My dad made a surprise visit to my house yesterday. I was taking a nap on the couch and the door swung open and I screamed because it scared the hell of me.

Anyway, he came to tell me that my family is worried about me. I haven't had a job in about 18 months, and have been kind of anti-social, especially in the past month and a half or so, since deciding to go off Klonopin. My sister told him that she thinks I'm on drugs. I've told them all about my condition, but for some reason they, like many doctors, can't look past the depression and anxiety part of it. I tell them I wish depression and panic were my only worries, but they don't seem to get it. I don't know how I can make myself clearer. They keep insisting that getting a job and being more social will make me feel better, and that I'm not helping myself.

The truth is, I'm just as miserable no matter what I'm doing. I don't know about you all but life's circumstances really have nothing to do with how I feel. All that seems to make a difference is make brain's chemistry at the time. I will go through phases of being social, exercising, and as a whole, I don't feel much better. I keep telling them that but they can't understand. I don't know if they ever will.

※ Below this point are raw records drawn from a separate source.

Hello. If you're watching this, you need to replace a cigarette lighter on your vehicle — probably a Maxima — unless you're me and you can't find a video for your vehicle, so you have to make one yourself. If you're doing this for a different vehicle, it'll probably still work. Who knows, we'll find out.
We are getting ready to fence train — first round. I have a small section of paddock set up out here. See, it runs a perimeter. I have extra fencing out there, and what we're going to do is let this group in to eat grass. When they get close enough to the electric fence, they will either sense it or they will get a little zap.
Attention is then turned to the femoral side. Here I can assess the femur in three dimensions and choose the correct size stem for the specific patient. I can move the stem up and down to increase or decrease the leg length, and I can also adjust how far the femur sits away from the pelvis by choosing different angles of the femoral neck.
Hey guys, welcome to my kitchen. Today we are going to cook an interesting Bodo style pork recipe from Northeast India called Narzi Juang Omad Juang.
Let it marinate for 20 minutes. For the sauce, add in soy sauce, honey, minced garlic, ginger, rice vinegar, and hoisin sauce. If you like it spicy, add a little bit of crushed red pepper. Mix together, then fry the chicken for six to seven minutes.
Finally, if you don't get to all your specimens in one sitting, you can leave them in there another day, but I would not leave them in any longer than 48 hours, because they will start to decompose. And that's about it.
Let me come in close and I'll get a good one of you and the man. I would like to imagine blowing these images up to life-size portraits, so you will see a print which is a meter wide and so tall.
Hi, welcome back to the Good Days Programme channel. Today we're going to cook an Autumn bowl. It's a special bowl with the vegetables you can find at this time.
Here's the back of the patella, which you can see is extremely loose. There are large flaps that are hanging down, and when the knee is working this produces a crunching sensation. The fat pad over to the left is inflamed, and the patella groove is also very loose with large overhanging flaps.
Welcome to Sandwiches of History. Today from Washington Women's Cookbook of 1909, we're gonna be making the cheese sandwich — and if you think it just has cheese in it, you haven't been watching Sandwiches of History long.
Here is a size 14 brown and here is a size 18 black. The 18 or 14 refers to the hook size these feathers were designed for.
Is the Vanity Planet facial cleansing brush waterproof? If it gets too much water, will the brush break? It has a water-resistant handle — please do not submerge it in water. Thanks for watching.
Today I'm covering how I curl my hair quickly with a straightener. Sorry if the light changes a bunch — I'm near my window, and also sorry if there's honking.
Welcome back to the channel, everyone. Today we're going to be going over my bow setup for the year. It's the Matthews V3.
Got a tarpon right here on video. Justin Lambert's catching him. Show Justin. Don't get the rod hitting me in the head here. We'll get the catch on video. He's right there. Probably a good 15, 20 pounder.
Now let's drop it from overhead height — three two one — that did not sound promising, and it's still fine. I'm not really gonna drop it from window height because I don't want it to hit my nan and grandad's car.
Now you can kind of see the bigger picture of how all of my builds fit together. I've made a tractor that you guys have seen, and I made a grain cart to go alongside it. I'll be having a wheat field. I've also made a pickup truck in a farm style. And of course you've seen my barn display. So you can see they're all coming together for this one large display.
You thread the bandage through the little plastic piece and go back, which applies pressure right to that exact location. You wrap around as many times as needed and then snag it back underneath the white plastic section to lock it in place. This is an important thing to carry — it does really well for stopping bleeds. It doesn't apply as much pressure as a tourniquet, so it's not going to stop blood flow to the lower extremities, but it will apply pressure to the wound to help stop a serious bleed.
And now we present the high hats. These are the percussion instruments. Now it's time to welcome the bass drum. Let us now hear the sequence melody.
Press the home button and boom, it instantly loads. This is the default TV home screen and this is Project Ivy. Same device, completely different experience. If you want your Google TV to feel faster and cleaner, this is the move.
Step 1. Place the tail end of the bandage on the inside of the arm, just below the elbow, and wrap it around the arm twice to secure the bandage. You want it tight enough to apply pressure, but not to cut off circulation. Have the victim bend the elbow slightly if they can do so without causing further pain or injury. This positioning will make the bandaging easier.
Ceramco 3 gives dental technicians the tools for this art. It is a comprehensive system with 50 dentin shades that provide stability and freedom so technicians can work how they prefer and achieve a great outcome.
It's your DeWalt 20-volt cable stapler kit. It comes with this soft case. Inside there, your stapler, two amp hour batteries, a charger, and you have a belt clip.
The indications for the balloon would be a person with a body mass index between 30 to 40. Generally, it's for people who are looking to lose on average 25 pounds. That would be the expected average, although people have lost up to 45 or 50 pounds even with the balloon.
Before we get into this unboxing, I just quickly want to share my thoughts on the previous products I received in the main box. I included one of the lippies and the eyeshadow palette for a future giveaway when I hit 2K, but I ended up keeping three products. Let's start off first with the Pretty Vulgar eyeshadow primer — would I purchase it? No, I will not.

Any input would be appreciated.

There was a good article about titled "Depersonalization Disorder" by Daphne Simeon that was on the old board that I want to give my family. I was looking for it again but can't seem to find it. If anyone can provide that link, I would appreciate it.


----------



## jc (Aug 10, 2004)

they wont understand,take it from someone who knows


----------



## Guest (Aug 26, 2004)

Personally i think having a job is a good thing. It gives you a distraction & money. Im glad i have a job now, although i may want to cut my hours back when school starts. Thats another thing, school, though the college im goin to isn't my first choice, its better than nothing & i am lookin foward to all of the females who will be there, trust me im gonna try my hardest to get with as many girls as possible, no pun intended, unless i meet one of " the ones". Anyways i think its a must to have distractions & things to do. Like finally now, im starting to make progress with music & some good things are comming together & although i often question why its happening or thinking somethings gonna make it worse, i just keep pushin on. I know if i completely stop doin things it may result in my end.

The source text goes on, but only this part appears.